After a few more years of writing--"using caffeine for structure and alcohol for inspiration"--and blowing all his profits on booze, in 1994 Rich found himself jobless, carless and broke in an Austin, Texas, dive bar. That's when the idea for Modern Drunkard hit him. "I was sitting there reading Paradise Lost, and I looked up at these old drunks sitting around the bar, and I realized that these guys would never read a book, regardless of what it was," says Rich. "It was then that I had this inspiration to start a magazine for drunks. All of the other magazines dedicated to alcohol are aimed at the connoisseur-type that drinks, or claims to drink, in moderation. Modern Drunkard is for people who want to get loaded. In that bar, I discovered a niche that had yet to be filled."

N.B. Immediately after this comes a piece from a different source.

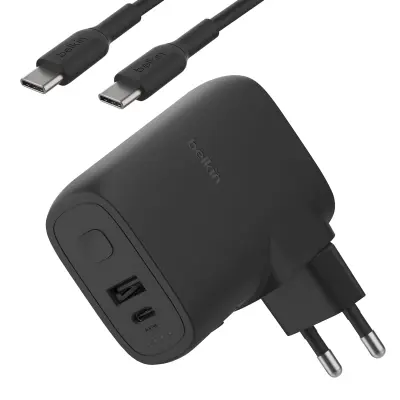 Belkin, 25W potovalni polnilnik z vgrajeno kompaktno zunanjo baterijo 5000 mAh, Črna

Rich returned to Denver (where he had lived off and on over the years), found a straight job writing commercials for TCI and launched Modern Drunkard with $550 of the $600 in royalties he had left over from his series of dime-store novellas. The first issue was published this past August and distributed to local bars, where Rich found an appreciative audience. Monthly circulation has now reached 3,000, and Rich, who employs a staff of three, says every issue is snatched up virtually overnight. He says he has even seen Xeroxed copies of the magazine floating around due to the demand. And while he has never distributed the magazine outside of Denver, he claims to have received subscription orders from Los Angeles, New York and Washington, D.C.
The publication manages to support itself with advertising from local bars and alcoholic-beverage companies, but Rich says his financial goals are modest. "When the magazine can support the staff's drinking habits," he says, "then I'll be happy." Rich admits that the magazine's title has turned away more than a few prospective clients. However, since Modern Drunkard is available only in bars, he says he hasn't drawn fire from teetotalers.

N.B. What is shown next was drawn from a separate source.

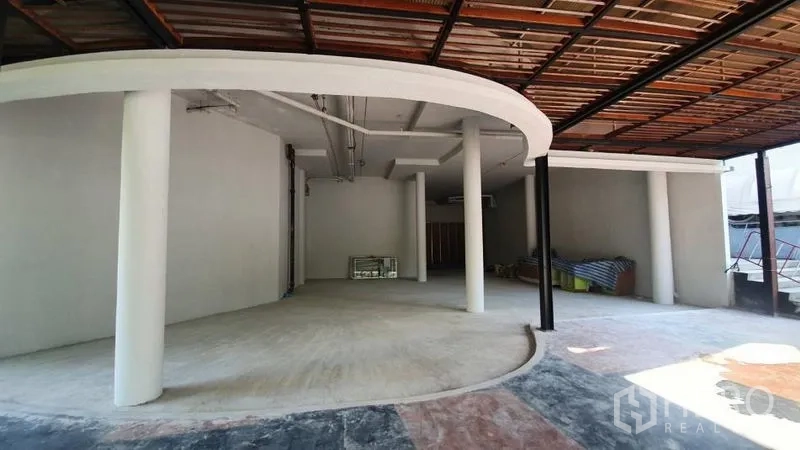 พื้นที่ขายปลีก ให้เช่าในKhlong Toei, Bangkok - ด้านหน้าทรงโค้งเชื่อมพื้นที่ภายในกับชานระเบียงคลุมหลังคาแบบระแนงไม้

When asked about Modern Drunkard and its growing popularity, an employee at Denver CARES, the city-funded program that picks up inebriated individuals and brings them to a downtown shelter, laughs. "Come down here to hang out for a day," she says, "and I'll show you some modern drunkards." A volunteer at Alcoholics Anonymous is equally incredulous, though she says she has never seen the publication. "We don't go to bars anymore," she says, "so I don't think anyone here has had a chance to look at it."

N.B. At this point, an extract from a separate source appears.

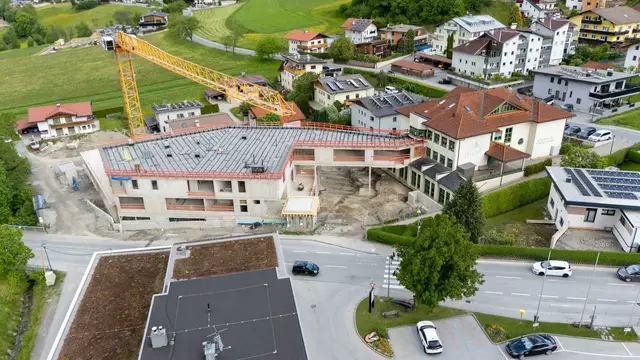 Die aktuellen Luftaufnahmen zeigen eindrucksvoll, wie rasch der Bau des „Haus der Generationen“ voranschreitet. | Foto: Gemeinde Tulfes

Despite the fact that some feel his magazine is glorifying alcohol and alcoholism, Rich believes his timing is perfect. "The United States has gone soft," he says. "In the Fifties, U.S. businessmen would go out to lunch and drink martinis, and we were the world economic leader. Now it's the Japanese and the Germans drinking whiskey and beer at lunch, getting loaded and being the economic powers. U.S. businessmen are drinking mineral water."
Rich admits that he wasn't around when the three-martini lunch was de rigueur for American executives and that many of his nostalgic feelings for the classic drunk-noir glorified by writers like Fitzgerald and actors like Dean Martin are "based upon memories I never had." But he still finds the lifestyle afforded him as editor of Modern Drunkard very appealing.
"The most comfortable place in the world for me," says Rich, "is sitting at a dark bar with a few old drunks, a cocktail and my laptop in front of me. It just feels natural.